Northeastern is a large private research university in Boston with 15,719 undergraduates, and its defining feature is the co-op program — a structured system where students alternate semesters of classroom study with six-month, full-time paid work experiences, typically completing two or three co-ops before graduation. This isn't an optional internship tacked onto a traditional degree; it's baked into the academic calendar and means most students graduate in five years rather than four. The result is a campus full of students who are unusually career-focused, professionally polished, and plugged into Boston's deep employer network. If you want a school where you'll leave with a résumé that looks like you've been working for years — because you have — Northeastern is built for that.
Location & Setting
Northeastern sits in Boston's Fenway-Roxbury corridor, wedged between the Museum of Fine Arts, the Fens parkland, and Huntington Avenue. This is not a campus-in-a-bubble situation — it's a genuinely urban school where the city is your backyard. Step off campus heading north and you're in the Back Bay; head east and you're near Fenway Park. The Green Line's Northeastern stop puts you on the T (Boston's subway) in seconds. Boston is one of the best college cities in the country, with over 50 colleges and universities in the metro area, and Northeastern students take full advantage — restaurants, concerts, museums, and the harbor are all accessible without a car. The campus itself has been transformed over the past two decades from a commuter-school feel to a more cohesive, landscaped quad-and-building layout, though it still reads as distinctly urban rather than pastoral.
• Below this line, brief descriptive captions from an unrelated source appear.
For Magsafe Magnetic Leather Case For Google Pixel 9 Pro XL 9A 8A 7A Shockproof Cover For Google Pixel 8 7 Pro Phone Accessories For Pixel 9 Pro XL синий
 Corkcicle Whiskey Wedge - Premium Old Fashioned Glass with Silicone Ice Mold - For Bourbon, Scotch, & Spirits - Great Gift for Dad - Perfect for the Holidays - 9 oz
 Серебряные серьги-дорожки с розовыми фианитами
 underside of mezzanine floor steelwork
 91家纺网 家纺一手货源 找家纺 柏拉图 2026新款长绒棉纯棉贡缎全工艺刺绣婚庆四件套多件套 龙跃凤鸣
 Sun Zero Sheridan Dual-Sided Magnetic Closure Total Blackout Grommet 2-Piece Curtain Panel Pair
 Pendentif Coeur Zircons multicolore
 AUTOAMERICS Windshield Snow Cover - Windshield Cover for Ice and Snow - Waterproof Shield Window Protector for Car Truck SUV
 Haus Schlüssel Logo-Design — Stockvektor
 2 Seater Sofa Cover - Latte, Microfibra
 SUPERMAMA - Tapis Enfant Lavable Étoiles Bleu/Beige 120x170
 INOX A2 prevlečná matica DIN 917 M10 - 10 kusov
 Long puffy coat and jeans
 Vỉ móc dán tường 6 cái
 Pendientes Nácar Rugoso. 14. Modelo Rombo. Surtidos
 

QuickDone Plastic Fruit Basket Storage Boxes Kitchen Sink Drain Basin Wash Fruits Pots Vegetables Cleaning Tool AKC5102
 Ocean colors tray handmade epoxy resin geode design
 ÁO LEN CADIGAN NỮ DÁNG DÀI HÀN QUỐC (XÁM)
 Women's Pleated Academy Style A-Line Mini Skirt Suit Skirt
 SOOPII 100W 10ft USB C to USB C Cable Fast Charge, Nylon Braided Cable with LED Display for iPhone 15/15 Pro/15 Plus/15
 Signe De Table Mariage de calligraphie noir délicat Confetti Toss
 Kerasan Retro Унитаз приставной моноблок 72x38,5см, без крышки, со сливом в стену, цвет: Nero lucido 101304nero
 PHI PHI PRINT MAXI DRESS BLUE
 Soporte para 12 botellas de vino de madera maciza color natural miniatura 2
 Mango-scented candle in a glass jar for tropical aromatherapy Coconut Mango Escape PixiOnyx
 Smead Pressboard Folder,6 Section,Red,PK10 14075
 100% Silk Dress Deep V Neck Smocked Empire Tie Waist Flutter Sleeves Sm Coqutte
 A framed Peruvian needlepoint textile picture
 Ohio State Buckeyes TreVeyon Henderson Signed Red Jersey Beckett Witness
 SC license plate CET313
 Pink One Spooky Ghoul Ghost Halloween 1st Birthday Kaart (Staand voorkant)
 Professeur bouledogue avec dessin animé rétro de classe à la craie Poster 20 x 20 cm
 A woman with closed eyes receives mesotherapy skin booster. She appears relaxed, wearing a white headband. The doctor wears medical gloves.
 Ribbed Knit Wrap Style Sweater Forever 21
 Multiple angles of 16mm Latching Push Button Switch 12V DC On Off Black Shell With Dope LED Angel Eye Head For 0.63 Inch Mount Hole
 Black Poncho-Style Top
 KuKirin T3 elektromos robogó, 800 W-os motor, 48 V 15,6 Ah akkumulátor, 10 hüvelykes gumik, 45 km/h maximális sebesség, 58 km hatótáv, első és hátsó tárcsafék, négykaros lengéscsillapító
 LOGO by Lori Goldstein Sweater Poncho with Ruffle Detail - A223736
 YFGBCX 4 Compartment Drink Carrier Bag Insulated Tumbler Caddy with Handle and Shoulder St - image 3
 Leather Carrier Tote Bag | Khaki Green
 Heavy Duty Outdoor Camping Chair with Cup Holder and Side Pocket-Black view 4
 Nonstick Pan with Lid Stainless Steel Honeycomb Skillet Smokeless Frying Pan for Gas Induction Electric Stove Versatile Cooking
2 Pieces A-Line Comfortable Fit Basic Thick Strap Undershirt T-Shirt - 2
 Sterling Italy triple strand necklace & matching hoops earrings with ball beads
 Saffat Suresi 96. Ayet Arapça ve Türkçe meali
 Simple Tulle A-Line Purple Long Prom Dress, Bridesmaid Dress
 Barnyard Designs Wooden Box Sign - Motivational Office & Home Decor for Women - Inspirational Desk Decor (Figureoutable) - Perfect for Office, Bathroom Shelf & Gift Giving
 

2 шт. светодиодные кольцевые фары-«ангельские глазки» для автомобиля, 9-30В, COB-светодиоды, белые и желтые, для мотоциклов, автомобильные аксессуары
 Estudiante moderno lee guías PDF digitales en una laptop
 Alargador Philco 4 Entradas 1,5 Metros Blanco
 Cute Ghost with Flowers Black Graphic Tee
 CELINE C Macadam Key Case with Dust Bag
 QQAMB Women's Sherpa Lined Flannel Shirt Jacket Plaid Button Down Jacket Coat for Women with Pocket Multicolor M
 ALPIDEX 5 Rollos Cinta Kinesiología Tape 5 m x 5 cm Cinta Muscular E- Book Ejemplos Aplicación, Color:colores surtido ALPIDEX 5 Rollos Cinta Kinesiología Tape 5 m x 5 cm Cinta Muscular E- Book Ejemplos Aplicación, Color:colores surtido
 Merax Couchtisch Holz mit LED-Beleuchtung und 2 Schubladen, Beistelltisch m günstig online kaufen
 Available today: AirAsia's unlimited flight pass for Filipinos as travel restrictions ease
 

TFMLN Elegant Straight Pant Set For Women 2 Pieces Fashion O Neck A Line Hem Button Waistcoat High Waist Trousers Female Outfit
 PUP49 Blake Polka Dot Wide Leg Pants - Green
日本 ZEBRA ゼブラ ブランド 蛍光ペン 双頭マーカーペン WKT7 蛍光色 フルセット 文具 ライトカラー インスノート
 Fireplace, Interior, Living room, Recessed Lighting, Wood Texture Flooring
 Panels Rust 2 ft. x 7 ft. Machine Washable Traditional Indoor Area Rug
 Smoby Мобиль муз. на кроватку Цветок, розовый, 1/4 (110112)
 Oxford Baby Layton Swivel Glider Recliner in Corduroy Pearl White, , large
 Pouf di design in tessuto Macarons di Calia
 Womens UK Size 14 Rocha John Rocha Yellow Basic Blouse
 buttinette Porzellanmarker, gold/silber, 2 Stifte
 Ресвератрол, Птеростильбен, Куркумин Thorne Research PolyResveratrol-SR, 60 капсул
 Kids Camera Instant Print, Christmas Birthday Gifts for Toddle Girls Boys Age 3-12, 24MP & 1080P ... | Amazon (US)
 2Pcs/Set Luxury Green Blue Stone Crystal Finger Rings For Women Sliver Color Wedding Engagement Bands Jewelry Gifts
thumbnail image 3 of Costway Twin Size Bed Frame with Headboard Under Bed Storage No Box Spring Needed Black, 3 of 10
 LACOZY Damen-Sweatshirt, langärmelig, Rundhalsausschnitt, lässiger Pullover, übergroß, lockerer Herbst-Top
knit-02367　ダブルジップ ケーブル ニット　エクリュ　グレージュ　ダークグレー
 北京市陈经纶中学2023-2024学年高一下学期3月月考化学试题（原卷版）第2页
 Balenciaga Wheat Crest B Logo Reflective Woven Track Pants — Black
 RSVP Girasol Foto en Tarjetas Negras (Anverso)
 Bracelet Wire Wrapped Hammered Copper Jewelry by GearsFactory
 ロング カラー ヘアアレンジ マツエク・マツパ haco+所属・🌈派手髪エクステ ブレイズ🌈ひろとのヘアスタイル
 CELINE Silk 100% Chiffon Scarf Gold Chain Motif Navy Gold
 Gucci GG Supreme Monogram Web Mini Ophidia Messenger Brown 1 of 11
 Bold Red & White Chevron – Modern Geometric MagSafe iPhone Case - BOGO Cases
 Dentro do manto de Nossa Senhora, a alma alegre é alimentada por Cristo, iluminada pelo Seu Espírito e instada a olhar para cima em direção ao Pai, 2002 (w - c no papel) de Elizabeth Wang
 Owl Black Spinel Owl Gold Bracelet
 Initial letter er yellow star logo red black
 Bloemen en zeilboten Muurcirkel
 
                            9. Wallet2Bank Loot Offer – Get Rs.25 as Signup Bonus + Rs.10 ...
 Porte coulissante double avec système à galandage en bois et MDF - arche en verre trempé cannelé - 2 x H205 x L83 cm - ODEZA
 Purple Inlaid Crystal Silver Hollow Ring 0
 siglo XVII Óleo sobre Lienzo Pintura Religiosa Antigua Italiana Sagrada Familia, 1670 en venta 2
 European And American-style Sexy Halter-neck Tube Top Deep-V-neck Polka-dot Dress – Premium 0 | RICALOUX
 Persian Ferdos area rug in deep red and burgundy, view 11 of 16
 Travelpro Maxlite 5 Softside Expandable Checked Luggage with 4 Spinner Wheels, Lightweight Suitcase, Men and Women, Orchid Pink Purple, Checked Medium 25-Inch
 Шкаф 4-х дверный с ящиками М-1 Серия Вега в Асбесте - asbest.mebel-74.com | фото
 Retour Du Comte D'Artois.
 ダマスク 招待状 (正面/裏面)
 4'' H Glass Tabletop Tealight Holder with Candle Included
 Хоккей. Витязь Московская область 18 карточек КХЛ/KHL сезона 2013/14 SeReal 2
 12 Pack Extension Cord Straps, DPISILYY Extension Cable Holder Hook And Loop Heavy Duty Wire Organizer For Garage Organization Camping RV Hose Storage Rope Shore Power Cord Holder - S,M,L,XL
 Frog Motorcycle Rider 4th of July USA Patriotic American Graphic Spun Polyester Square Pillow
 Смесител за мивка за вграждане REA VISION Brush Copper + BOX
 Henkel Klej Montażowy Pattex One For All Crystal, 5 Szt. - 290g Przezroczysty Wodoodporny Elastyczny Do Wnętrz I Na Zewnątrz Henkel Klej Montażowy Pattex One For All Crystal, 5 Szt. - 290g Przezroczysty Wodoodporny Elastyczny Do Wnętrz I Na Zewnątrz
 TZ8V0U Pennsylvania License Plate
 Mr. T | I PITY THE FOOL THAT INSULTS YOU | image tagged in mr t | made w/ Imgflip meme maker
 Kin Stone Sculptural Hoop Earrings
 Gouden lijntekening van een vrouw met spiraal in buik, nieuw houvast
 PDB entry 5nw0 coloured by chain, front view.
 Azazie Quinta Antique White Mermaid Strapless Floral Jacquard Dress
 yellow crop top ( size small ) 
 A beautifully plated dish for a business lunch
Where Students Live & How They Get Around
Northeastern guarantees housing for first- and second-year students, and most freshmen live in the residence halls clustered around campus. By junior and senior year, many students move into apartments in Mission Hill, Roxbury, or the broader Fenway area — Boston's rental market is notoriously expensive, but the neighborhoods around Northeastern are slightly more affordable than Back Bay or Beacon Hill. The co-op calendar complicates housing in interesting ways: students cycle on and off campus as they rotate between academic semesters and work terms, which means the residential population shifts throughout the year. A car is genuinely unnecessary — between the T, campus shuttles, and the fact that Boston is a walkable city, most students don't bother. Winters are real (December through March brings cold, wind, and snow), and the walk between buildings on a February morning will remind you of that. But the campus is compact enough that nothing is more than a 10-15 minute walk.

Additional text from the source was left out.